**The data:**
◇ ◇ ◇ ◇

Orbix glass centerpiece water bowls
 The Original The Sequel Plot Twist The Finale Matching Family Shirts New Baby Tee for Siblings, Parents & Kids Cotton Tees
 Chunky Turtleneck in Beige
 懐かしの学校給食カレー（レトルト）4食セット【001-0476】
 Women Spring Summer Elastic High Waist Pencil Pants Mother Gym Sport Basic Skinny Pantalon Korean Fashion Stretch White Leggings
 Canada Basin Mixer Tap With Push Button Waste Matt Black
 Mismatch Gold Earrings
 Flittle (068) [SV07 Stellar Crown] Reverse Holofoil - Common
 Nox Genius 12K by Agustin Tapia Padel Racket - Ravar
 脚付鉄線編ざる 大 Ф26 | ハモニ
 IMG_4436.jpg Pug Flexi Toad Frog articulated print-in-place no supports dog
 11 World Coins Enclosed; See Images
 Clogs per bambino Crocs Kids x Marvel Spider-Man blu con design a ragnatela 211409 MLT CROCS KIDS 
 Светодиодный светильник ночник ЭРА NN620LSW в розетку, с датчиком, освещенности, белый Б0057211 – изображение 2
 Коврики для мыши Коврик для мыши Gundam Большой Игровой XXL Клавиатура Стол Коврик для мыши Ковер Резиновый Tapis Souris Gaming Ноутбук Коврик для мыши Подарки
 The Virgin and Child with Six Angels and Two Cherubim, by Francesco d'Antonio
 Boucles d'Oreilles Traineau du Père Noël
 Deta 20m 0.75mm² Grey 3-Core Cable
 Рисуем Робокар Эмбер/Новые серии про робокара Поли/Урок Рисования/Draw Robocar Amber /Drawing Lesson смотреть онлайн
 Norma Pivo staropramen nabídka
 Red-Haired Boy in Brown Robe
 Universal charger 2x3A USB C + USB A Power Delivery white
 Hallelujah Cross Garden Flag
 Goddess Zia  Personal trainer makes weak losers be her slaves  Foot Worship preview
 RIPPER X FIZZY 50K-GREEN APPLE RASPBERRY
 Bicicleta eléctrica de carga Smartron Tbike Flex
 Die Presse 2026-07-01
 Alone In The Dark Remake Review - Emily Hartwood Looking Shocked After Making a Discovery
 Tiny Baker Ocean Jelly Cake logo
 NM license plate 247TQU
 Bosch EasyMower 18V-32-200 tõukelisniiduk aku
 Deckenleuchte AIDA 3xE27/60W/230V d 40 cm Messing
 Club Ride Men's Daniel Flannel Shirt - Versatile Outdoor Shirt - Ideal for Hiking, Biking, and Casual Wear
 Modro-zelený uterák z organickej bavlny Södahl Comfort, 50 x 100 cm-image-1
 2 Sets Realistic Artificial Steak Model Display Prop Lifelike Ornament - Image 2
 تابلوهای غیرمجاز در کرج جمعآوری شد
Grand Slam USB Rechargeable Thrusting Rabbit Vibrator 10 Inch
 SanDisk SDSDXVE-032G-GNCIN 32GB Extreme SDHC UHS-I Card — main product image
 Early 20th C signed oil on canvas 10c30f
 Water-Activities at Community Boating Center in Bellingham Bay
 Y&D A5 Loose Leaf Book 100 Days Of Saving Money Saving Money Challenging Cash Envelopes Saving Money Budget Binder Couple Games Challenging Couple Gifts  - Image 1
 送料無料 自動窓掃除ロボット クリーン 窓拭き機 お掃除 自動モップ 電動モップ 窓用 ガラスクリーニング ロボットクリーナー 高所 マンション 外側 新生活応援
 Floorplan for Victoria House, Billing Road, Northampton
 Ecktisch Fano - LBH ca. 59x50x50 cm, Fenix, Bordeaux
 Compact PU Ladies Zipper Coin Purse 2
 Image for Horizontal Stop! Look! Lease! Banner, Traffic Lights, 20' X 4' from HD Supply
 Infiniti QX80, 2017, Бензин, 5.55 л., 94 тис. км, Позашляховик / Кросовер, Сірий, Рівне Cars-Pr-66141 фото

◇ ◇ ◇ ◇

**Task:**
Once you find the line with "Nox Genius 12K" in the entries above, output it and each line after it up to and including the line with "2 Sets Realistic", and nothing else.

**Solution for this problem:**
 Nox Genius 12K by Agustin Tapia Padel Racket - Ravar
 脚付鉄線編ざる 大 Ф26 | ハモニ
 IMG_4436.jpg Pug Flexi Toad Frog articulated print-in-place no supports dog
 11 World Coins Enclosed; See Images
 Clogs per bambino Crocs Kids x Marvel Spider-Man blu con design a ragnatela 211409 MLT CROCS KIDS 
 Светодиодный светильник ночник ЭРА NN620LSW в розетку, с датчиком, освещенности, белый Б0057211 – изображение 2
 Коврики для мыши Коврик для мыши Gundam Большой Игровой XXL Клавиатура Стол Коврик для мыши Ковер Резиновый Tapis Souris Gaming Ноутбук Коврик для мыши Подарки
 The Virgin and Child with Six Angels and Two Cherubim, by Francesco d'Antonio
 Boucles d'Oreilles Traineau du Père Noël
 Deta 20m 0.75mm² Grey 3-Core Cable
 Рисуем Робокар Эмбер/Новые серии про робокара Поли/Урок Рисования/Draw Robocar Amber /Drawing Lesson смотреть онлайн
 Norma Pivo staropramen nabídka
 Red-Haired Boy in Brown Robe
 Universal charger 2x3A USB C + USB A Power Delivery white
 Hallelujah Cross Garden Flag
 Goddess Zia  Personal trainer makes weak losers be her slaves  Foot Worship preview
 RIPPER X FIZZY 50K-GREEN APPLE RASPBERRY
 Bicicleta eléctrica de carga Smartron Tbike Flex
 Die Presse 2026-07-01
 Alone In The Dark Remake Review - Emily Hartwood Looking Shocked After Making a Discovery
 Tiny Baker Ocean Jelly Cake logo
 NM license plate 247TQU
 Bosch EasyMower 18V-32-200 tõukelisniiduk aku
 Deckenleuchte AIDA 3xE27/60W/230V d 40 cm Messing
 Club Ride Men's Daniel Flannel Shirt - Versatile Outdoor Shirt - Ideal for Hiking, Biking, and Casual Wear
 Modro-zelený uterák z organickej bavlny Södahl Comfort, 50 x 100 cm-image-1
 2 Sets Realistic Artificial Steak Model Display Prop Lifelike Ornament - Image 2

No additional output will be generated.